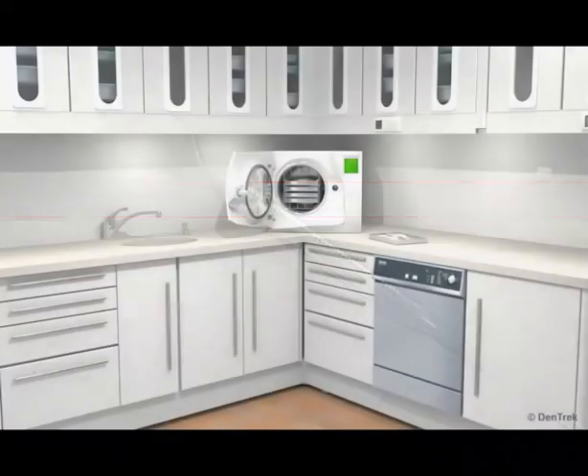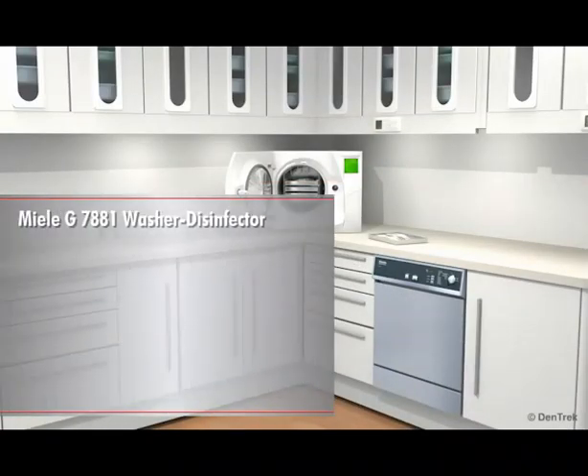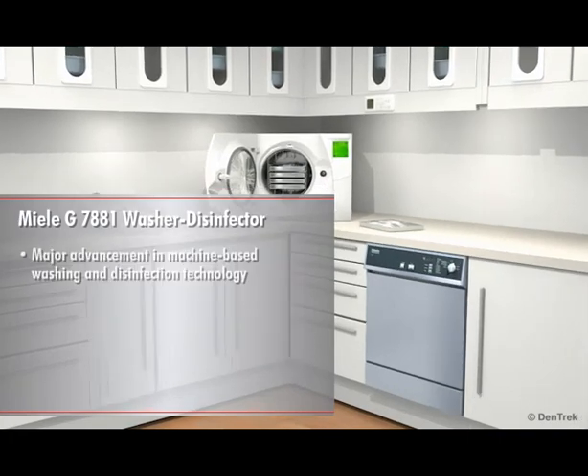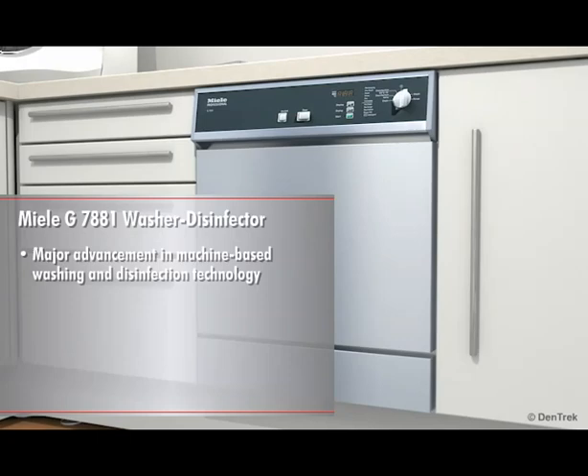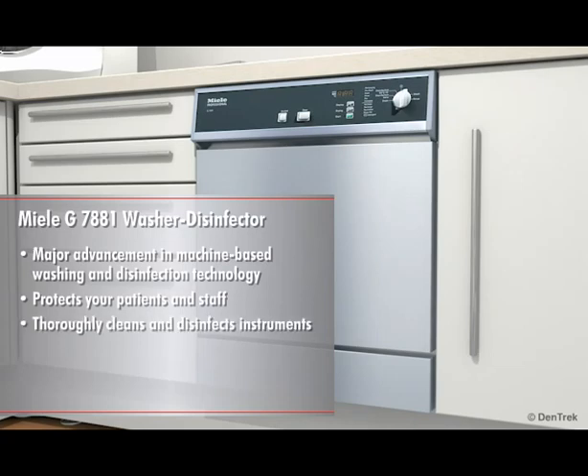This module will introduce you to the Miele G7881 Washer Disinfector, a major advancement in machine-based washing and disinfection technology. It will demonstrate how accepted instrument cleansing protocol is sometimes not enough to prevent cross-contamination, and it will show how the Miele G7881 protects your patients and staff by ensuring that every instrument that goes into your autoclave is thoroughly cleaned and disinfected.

——————

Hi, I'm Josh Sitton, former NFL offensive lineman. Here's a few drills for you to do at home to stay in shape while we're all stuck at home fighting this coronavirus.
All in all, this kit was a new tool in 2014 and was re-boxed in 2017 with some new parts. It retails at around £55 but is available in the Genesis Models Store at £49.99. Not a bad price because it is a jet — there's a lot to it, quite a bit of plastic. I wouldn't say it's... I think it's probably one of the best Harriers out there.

——————

**Action item:** Extract the lines of the preceding material that run from the line with "Hi, I'm Josh" through the line with "All in all, this", inclusive, reproducing them exactly and adding nothing.

**Completed task:**
Hi, I'm Josh Sitton, former NFL offensive lineman. Here's a few drills for you to do at home to stay in shape while we're all stuck at home fighting this coronavirus.
All in all, this kit was a new tool in 2014 and was re-boxed in 2017 with some new parts. It retails at around £55 but is available in the Genesis Models Store at £49.99. Not a bad price because it is a jet — there's a lot to it, quite a bit of plastic. I wouldn't say it's... I think it's probably one of the best Harriers out there.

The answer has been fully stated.